It’s a possibility.
Two locations in fact, as indicated on the map (the red zones are where the green stuff could be sold) per the Lakewood City Council Study Session agenda packet for November 13, the map to be found immediately following page 100.
Council is considering several options, everything from “ensuring certainty with a prohibition on marijuana throughout the City,” to ‘reducing buffer zones to accommodate marijuana sales in the place of most benefit to the city.’
Perhaps ironically, the very last line – of the 10 pages related to this subject – provides this staff recommendation: “The City should select the option that best reflects the value the City places on this business type.”
Value verses volume, a provocative choice with which the Council must deal in determining whether, or not, to allow dealers of drugs in the city.
It would appear Councilmember John Simpson favors volume over values.
In the October 4 Tacoma News Tribune (TNT), in endorsing Simpson for reelection, the editorial board said Simpson “would vote to allow retail marijuana in Lakewood not because he personally supports pot sales but because voters have spoken.”
Interesting.
Were the voters heard when the decision was made to legalize the Rental Housing Safety Program (RHSP)?
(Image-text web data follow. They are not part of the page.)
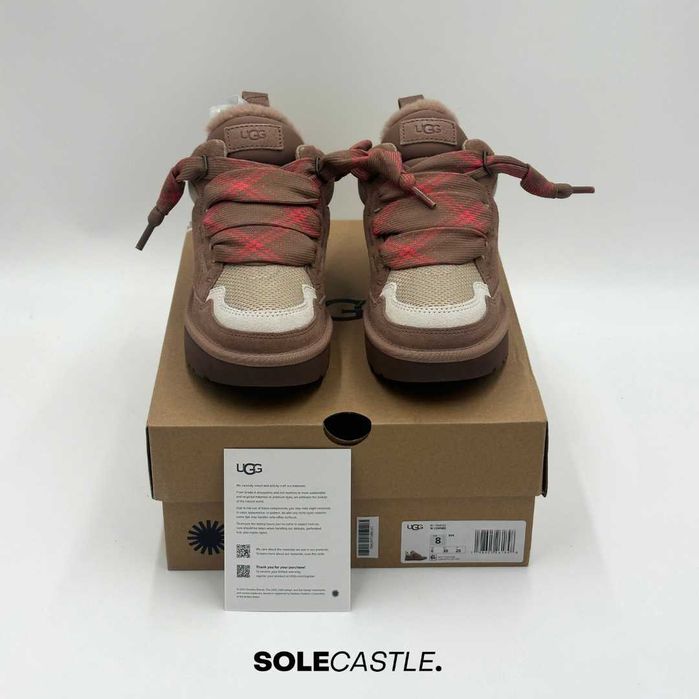 Ghete UGG Lowmel 'Rocky Oak' - 100% Originali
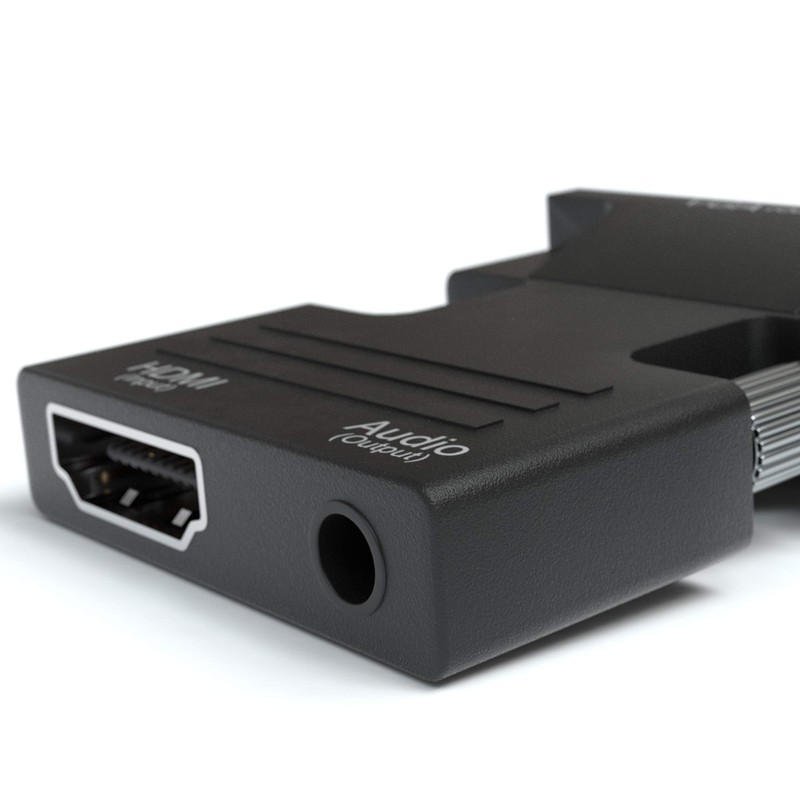Jamega Displayport HDMI adapter 60 Hz.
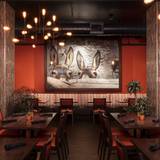 Cover image for The Spotted Donkey Cantina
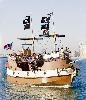 Entire Facility, Pieces Of Eight Pirate Cruise, Fort Myers Beach — The Pieces Of Eight
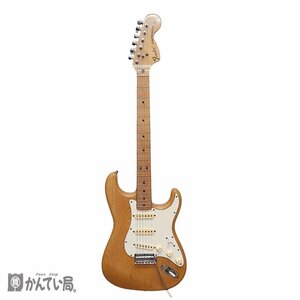 Fender フェンダー ジャパン エレキギター STRATOCASTER ストラトキャスター Q013113 ギター 弦楽器 本体のみ 現状販売品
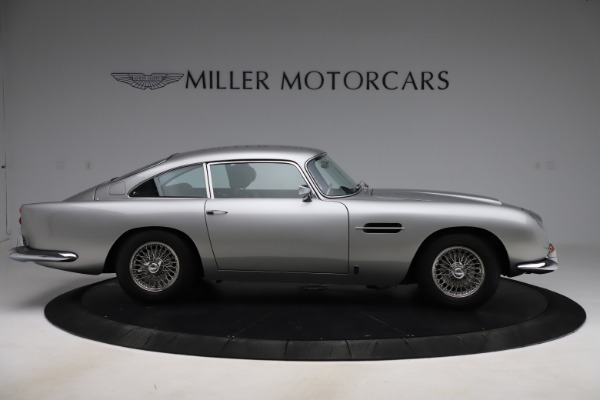 Used 1964 Aston Martin DB5 for sale Sold at Bentley Greenwich in Greenwich CT 06830 9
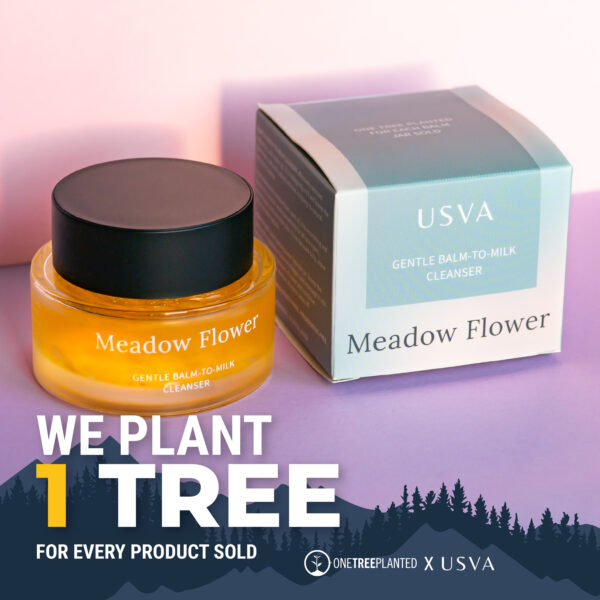 Meadow Flower Gentle Balm-To-Milk Cleanser - 50ml - immagine 2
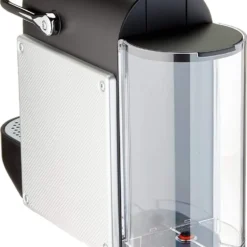 De'Longhi De Longhi EN124.S - Espressomaschine - 0,7 L - Kaffeekapsel - 1260 W - Schwarz - Silber -Günstiges Brat Lust Geschäft b34b0ad9a1ab87e06f60e4585101edf0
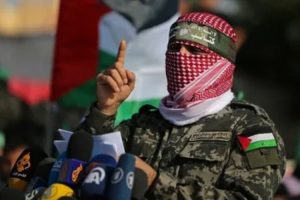 Ini Asal-usul Nama Abu Ubaidah, Identitas Samaran Juru Bicara Militer Pejuang Hamas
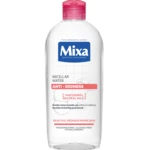 MIXA Anti-Redness micelárna voda na citlivú pleť so sklonmi k začervenaniu, 400 ml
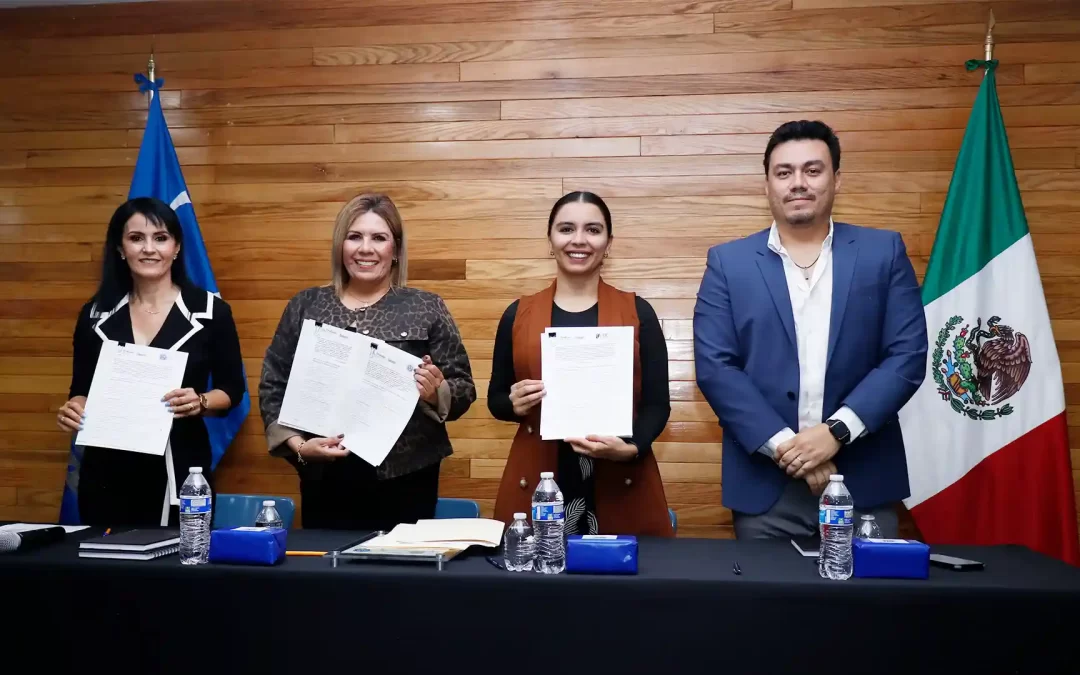 La EBC celebra vinculación de desarrollo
It may be argued that they weren’t even asked.
Told, but not asked.
Certainly, they were not asked as a survey might have done, like the survey currently circulating among a select few in the city. “The City of Lakewood has questions and it’s turning to its residents for the answers.” But “only those households who were randomly selected may participate in the survey. The survey represents the City of Lakewood’s goal of communicating with and engaging its residents” – 1,400 of them anyway.
Certainly, they were not asked to vote on the matter like the city is soliciting, promoting and advocating on its webpage to bring free, outdoor concerts to Fort Steilacoom in 2018.
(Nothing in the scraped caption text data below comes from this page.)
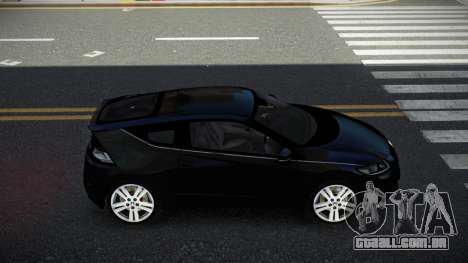 Honda CRZ Osin para GTA 4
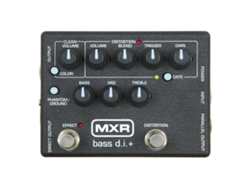 Mxr m80 bass di plus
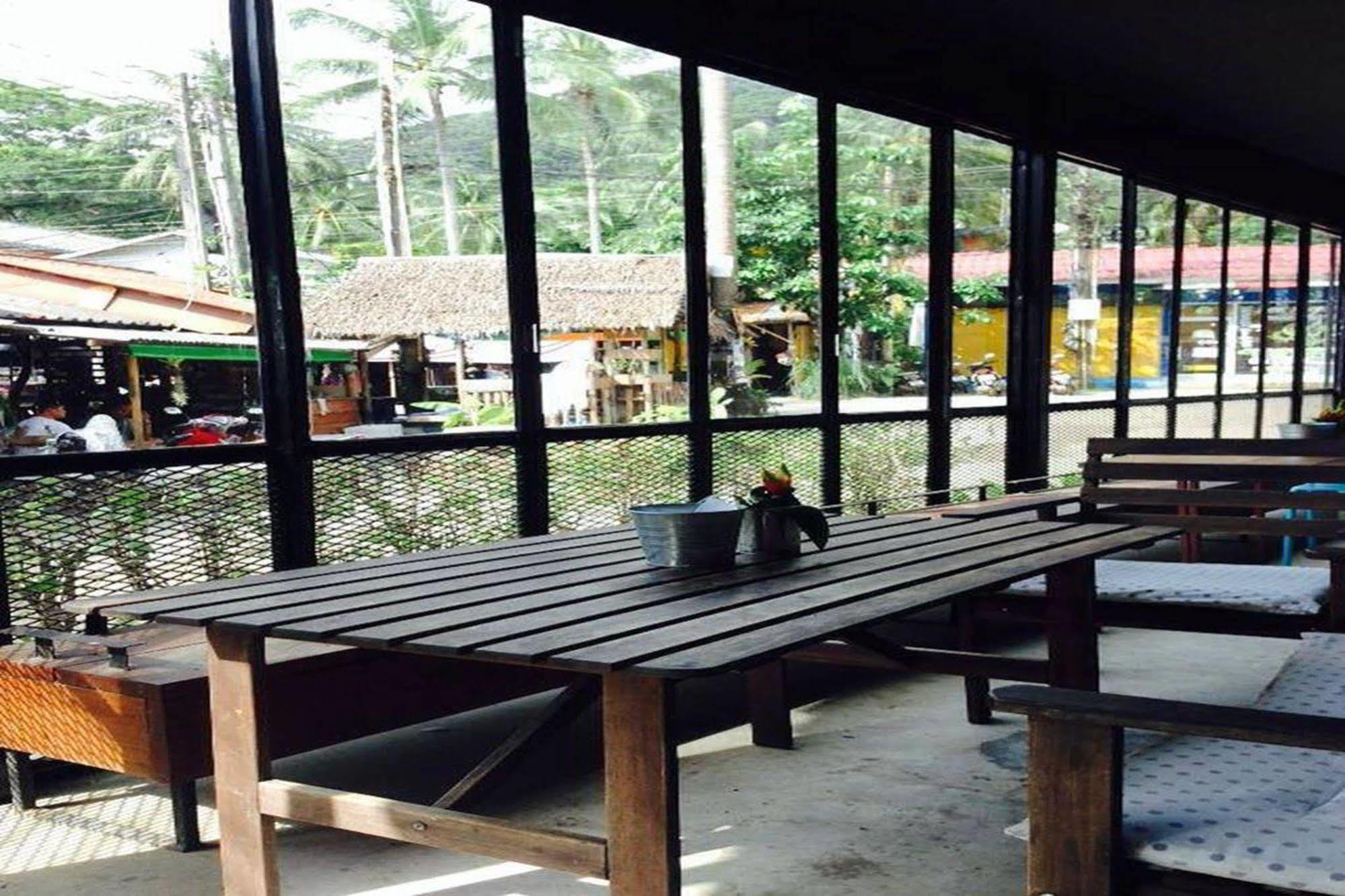 Sleepyowl Hostel Ban Bang Bao  Exterior foto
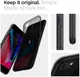 Spigen Liquid Crystal Apple iPhone SE (2020) Hoesje Transparant Space afbeelding 7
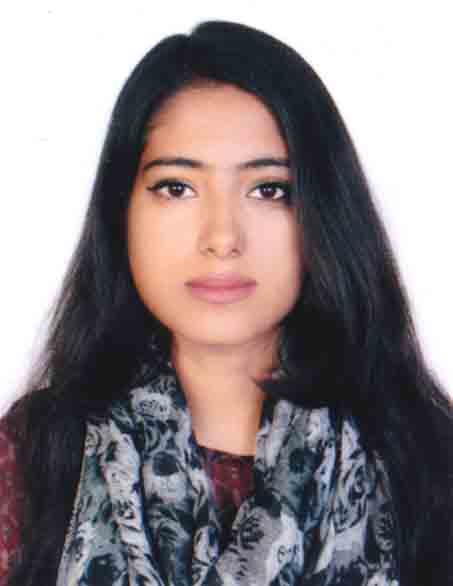 Monisha Aroni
Certainly, with regards the RHSP there was no SurveyMonkey as is now seeking community input on the development of Lakewood’s downtown.
It can also be argued that those who did speak up at the meetings offered by the city concerning the RHSP were nearly unanimous in opposition.
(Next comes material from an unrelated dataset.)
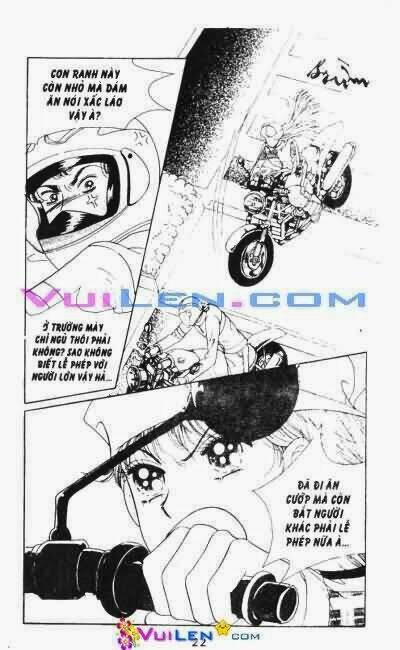 kẻ săn tiền chapter 1 22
Yet to hear the City Council tell it, the RHSP decision was based on values, or at least within the law. But it cannot be said that their decision was “because the voters have spoken”.
“Before I made my vote,” wrote Simpson recently in this publication, “I researched the topic; I listened to all points of view; and I believe I made an informed decision to pass the RHSP based on the law and the desire to make Lakewood a more desirable locale in which to live.”
Does supporting pot sales “make Lakewood a more desirable locale in which to live”?
Though “the most significant study on the drug’s effects to date” shows “marijuana does raise the risk of getting schizophrenia and triggers heart attacks,” will Lakewood leaders license such establishments anyway?
According to “a new study published in the Journal of Neuroscience, researchers from Harvard and Northwestern studied the brains of 18- to 25-year-olds, half of whom smoked pot recreationally and half of whom didn’t. What they found was rather shocking: Even those who only smoked few times a week had significant brain abnormalities in the areas that control emotion and motivation.”
Will that research be reflected in the council’s deliberations with regards marijuana?
With “about 49 marijuana producers in Tacoma already,” resulting in the displacement of existing industrial or service commercial businesses due to warehouse lease rates sometimes tripling and thus forcing otherwise reputable businesses to relocate, does this “make Lakewood a more desirable locale in which to live”?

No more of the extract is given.